Waiting For Happiness

Waiting For Happiness

It doesn't take long to figure out that Waiting For Happiness, a somnambulant piece of Afro-ennui from Mauritanian director Abderrahmane Sissako, is the type of movie where happiness is not forthcoming. Incident seems equally hard to come by in the damnable wasteland Sissako chooses for a setting: a West African seaside village where the sand-swept locals are stuck between continents, some hoping for European emigration and others left permanently at the station. Nothing much happens in the film, which functions more as a gently poetic slice of life than a conventional narrative, yet its leisurely rhythms capture the unique tenor of the place, even while the characters remain frustratingly elusive. Though he cuts near-equally among several different threads, Sissako sets the mood of alienation and exile through alter ego Mohamed Mahmoud Ould Mohamed, a 17-year-old who returns home to see his mother and finds he's a stranger in his own land. Decked out in non-traditional suits and button-down shirts, Mohamed has long since forgotten his local dialect, so he spends his days reading and watching the foot traffic as it passes the window in his street-level room.
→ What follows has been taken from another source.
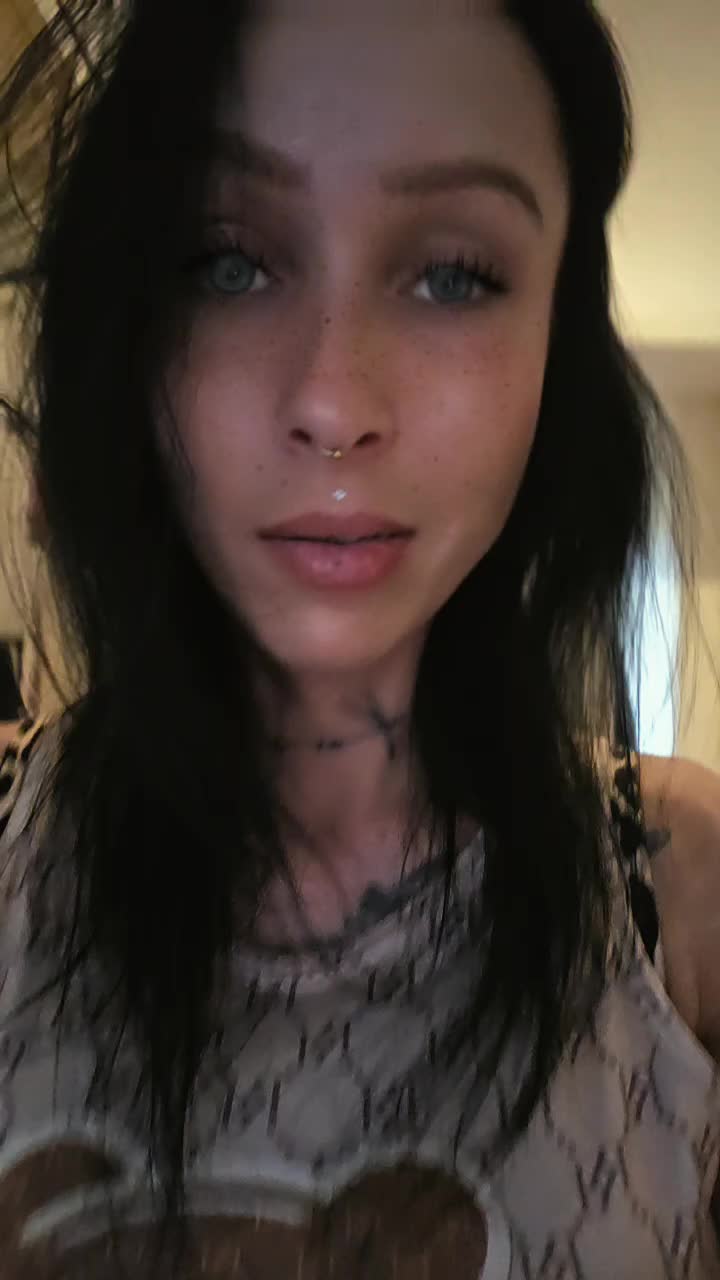 @Cleo_Glowi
While Mohamed prepares to emigrate to Europe, others settle in for the long haul, including the bright young Khatra Ould Abder Kader, a little boy who tags along with the village's aging electrician (Maata Ould Mohamed Abeid), determined to carry on the trade. In other minor episodes, a displaced Asian watch salesman woos a local woman with a stirring karaoke performance and a mother teaches her daughter to sing songs and play on a traditional string instrument. Sissako was inspired in some part by his own experiences; his identification with these poor, disenfranchised characters, as well as his deadpan comic style, recalls Finnish director Aki Kaurismäki (The Man Without A Past), who has always had a warm affinity for transient heroes. But the similarities end there: Where Kaurismäki's best work looks at forgotten lives with abundant generosity, Sissako directs his gaze toward the navel, preferring to leave things opaque and open to interpretation, like Rorschach inkblots. The most resonant images in Waiting For Happiness are of the village, a dusty, ephemeral ghost town with makeshift houses and jerry-rigged electricity, where residents stare out at abandoned barges washed up near the shore. In a way, the mundane inhabitants can't be blamed for behaving like life has been drained out of them.